[[ Data supplied open ]]

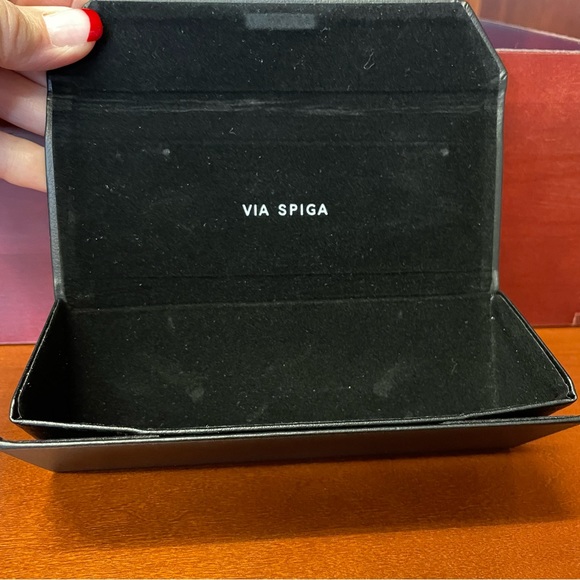 Via Spiga Trifold Black Eyeglass Case - Picture 9 of 10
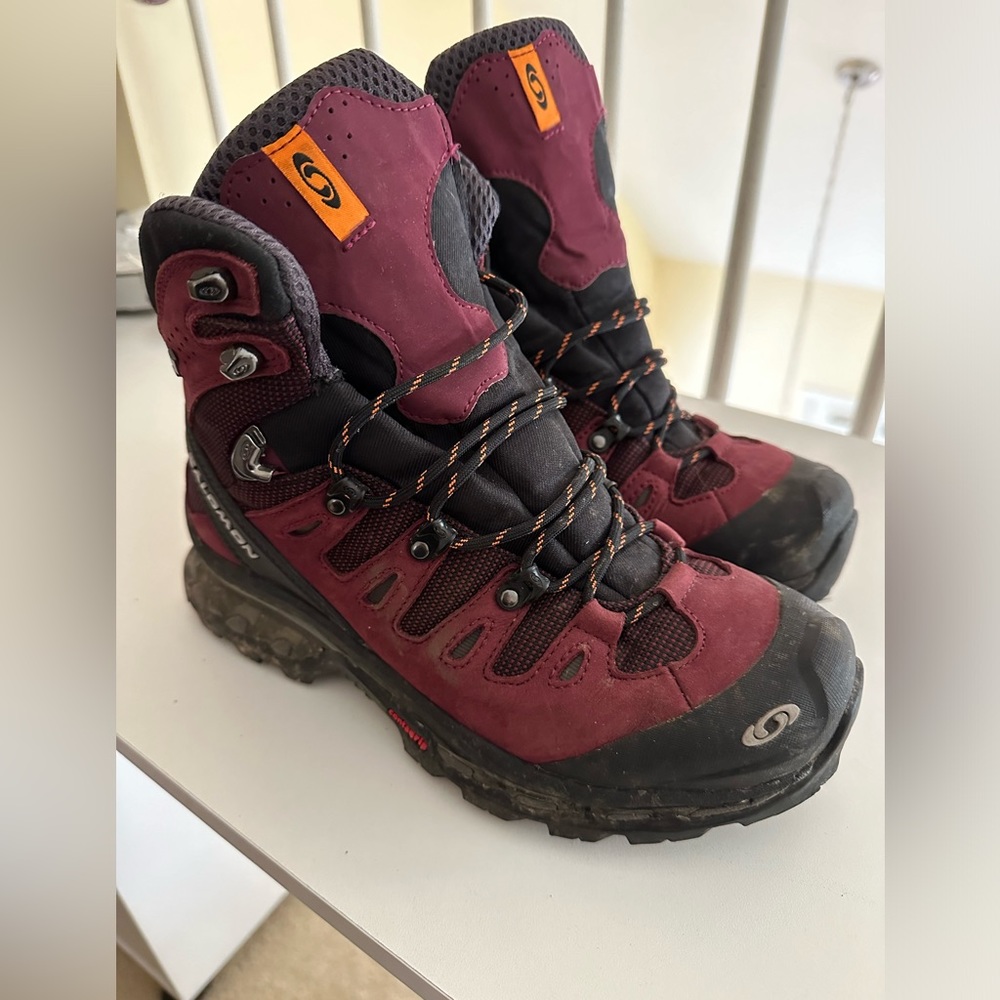 Salomon high top hiking backpacking boots Women’s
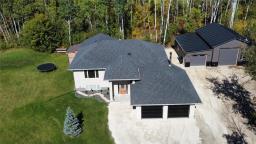 49 Brooklyn Bay, Steinbach, MB R0A0W2 Photo 40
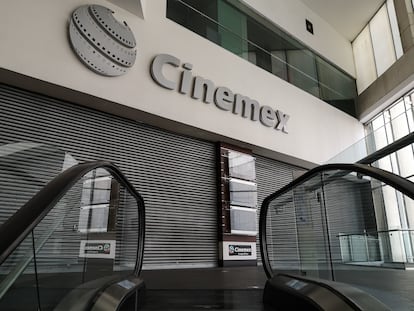 Una sucursal de Cinemex en Ciudad de México, cerrada durante la pandemia, en febrero de 2021.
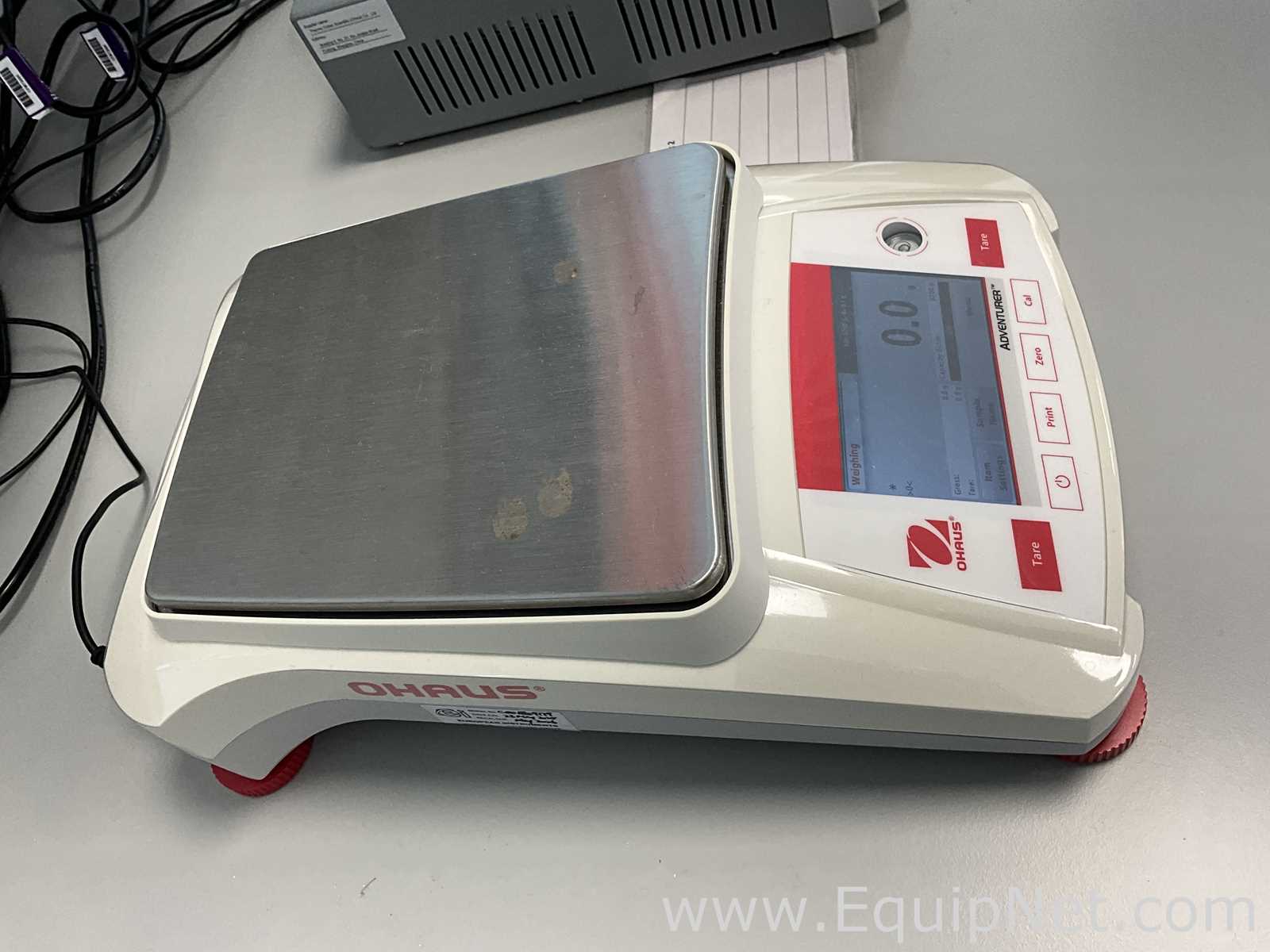Balança de Laboratório Ohaus Corporation AX8201/E
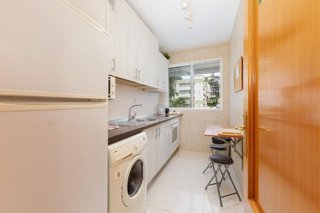 Piso en venta en La Carihuela en Torremolinos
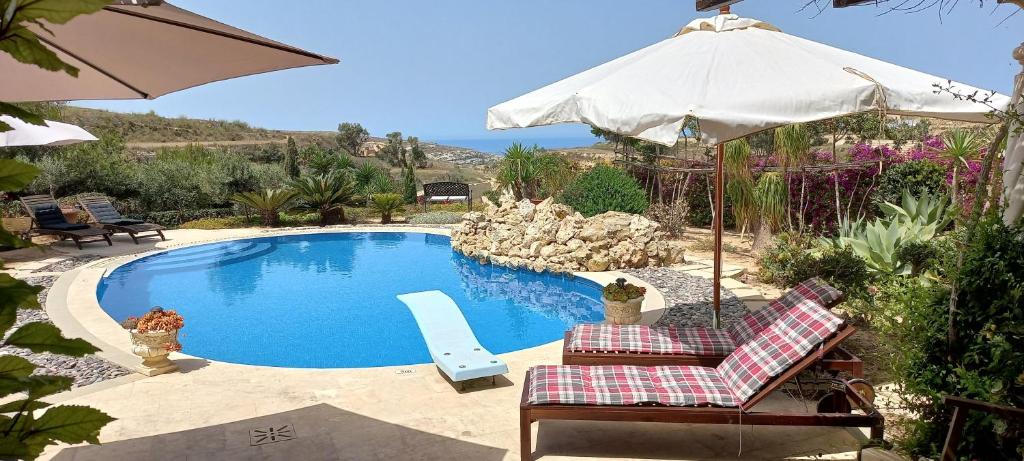 Dar Ta' Xmun - idyllic farmhouse with pool, garden, seaview & sunset photo 1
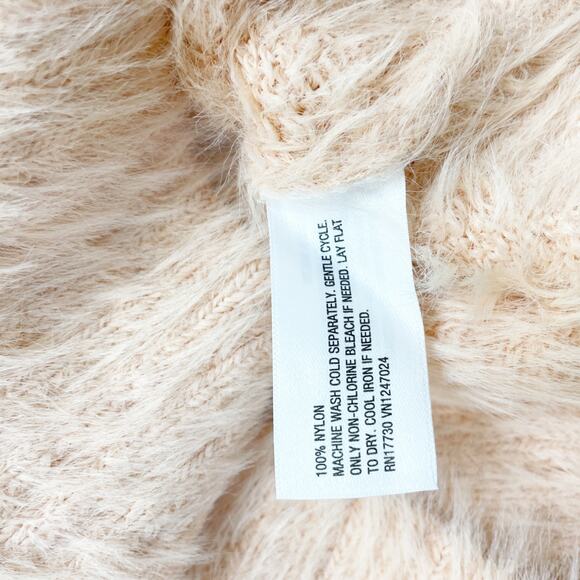 Future Collective Women’s Crewneck Eyelash Sweater Peach Orange Size M - Picture 6 of 6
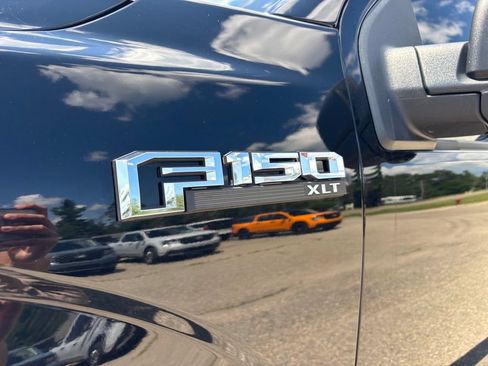 Used 2018 Ford F150 XLT w/ Equipment Group 302A Luxury AWD/4WD image 11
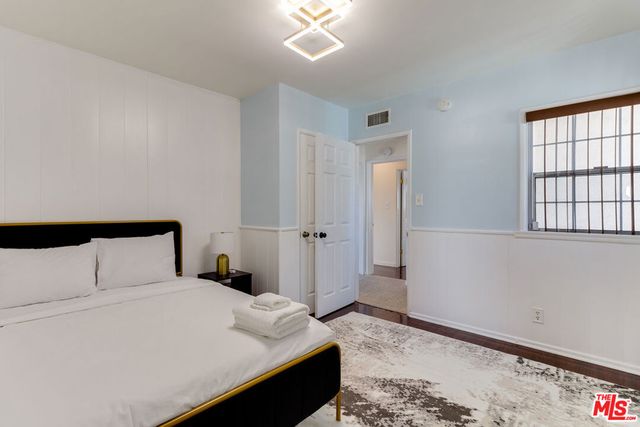 8122 Wynne Avenue, Reseda, CA 91335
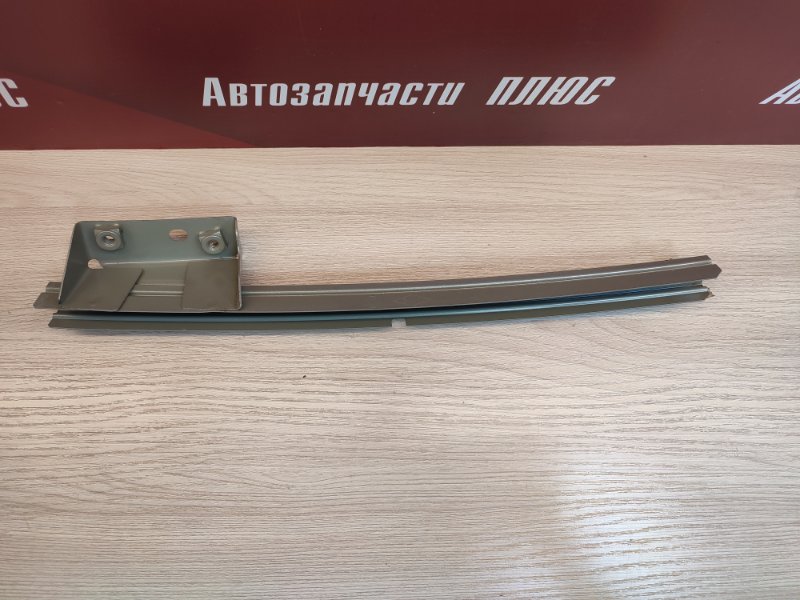 Направляющая стекла двери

[[ Data supplied closed ]]

What the task requires: Without the pictures, write out the listing exactly as it appears above.

Finished task:
 Via Spiga Trifold Black Eyeglass Case - Picture 9 of 10
 Salomon high top hiking backpacking boots Women’s
 49 Brooklyn Bay, Steinbach, MB R0A0W2 Photo 40
 Una sucursal de Cinemex en Ciudad de México, cerrada durante la pandemia, en febrero de 2021.
Balança de Laboratório Ohaus Corporation AX8201/E
 Piso en venta en La Carihuela en Torremolinos
 Dar Ta' Xmun - idyllic farmhouse with pool, garden, seaview & sunset photo 1
 Future Collective Women’s Crewneck Eyelash Sweater Peach Orange Size M - Picture 6 of 6
 Used 2018 Ford F150 XLT w/ Equipment Group 302A Luxury AWD/4WD image 11
 8122 Wynne Avenue, Reseda, CA 91335
 Направляющая стекла двери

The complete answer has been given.